Anesthetic Activation of Nociceptors: Adding Insult to Injury?

Mechanisms of sensitization (simplified) in peripheral nociceptors after tissue injury and inflammation and proposed interaction of inhaled anesthetics. Tissue injury leads to activation of nociceptive nerve terminals, which will then trigger the release of the neuropeptides calcitonin-gene-related-peptide (CGRP) and substance P (SP). CGRP causes arteriolar vasodilatation and SP induces a vascular leak leading to plasma extravasation. Tissue injury will further lead to release of inflammatory mediators including cytokines, proteases, bradykinin (BK), nerve growth factor (NGF), histamine and 5-hydroxytryptamine (5-HT).

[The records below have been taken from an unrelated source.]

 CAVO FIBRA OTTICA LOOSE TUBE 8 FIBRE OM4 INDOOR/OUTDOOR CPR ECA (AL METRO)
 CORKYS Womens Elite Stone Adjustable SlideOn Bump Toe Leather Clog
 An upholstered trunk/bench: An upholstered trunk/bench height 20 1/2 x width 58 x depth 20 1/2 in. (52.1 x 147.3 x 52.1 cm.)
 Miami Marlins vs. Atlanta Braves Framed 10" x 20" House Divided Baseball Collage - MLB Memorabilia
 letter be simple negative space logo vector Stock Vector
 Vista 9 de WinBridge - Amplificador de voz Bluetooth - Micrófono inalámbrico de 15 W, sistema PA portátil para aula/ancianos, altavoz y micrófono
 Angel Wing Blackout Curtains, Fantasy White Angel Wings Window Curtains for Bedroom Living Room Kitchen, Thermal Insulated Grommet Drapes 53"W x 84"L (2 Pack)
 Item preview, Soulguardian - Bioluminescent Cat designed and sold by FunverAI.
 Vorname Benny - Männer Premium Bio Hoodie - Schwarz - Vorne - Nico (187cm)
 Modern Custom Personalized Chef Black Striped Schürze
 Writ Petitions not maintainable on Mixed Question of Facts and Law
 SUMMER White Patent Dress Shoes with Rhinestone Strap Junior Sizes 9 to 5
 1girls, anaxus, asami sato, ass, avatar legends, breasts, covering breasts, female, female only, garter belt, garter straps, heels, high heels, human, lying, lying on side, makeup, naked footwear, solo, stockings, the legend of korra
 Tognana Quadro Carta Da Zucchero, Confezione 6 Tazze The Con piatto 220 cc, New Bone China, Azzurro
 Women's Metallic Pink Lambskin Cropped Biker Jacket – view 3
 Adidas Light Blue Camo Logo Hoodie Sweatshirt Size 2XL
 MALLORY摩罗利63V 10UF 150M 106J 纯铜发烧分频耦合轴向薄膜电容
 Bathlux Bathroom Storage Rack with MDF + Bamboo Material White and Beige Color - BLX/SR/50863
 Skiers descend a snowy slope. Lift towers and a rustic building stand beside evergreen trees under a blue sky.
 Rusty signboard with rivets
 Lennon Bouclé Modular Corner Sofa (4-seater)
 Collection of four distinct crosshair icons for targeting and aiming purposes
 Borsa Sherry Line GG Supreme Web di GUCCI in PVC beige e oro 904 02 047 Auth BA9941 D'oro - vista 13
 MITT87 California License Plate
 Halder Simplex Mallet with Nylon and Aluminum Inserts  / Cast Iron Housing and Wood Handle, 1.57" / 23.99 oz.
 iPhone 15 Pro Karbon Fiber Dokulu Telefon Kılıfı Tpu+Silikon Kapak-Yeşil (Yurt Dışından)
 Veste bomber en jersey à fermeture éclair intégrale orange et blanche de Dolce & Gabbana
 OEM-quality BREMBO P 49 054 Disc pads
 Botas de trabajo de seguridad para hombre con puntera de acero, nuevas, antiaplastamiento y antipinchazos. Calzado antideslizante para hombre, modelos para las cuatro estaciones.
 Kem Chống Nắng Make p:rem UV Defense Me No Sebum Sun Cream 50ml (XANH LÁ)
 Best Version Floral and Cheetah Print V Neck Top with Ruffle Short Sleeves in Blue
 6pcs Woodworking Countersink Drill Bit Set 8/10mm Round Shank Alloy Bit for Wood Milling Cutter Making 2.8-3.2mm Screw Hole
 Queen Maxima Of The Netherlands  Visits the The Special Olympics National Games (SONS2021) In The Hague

Together, these factors act to increase the sensitivity of the nociceptor by different specific mechanisms. Some of these mechanisms converge and lead to activation of protein kinase C and to increase in intracellular calcium, an important second messenger molecule. Through activation of TRPA1 and sensitization of TRPV1, certain irritant general anesthetics can potentially augment this sensitization or may even lead to clinically relevant sensitization independent of injury. Together, these effects might contribute to postoperative pain and airway irritation. PLC, phospholipase C; NGF, nerve growth factor.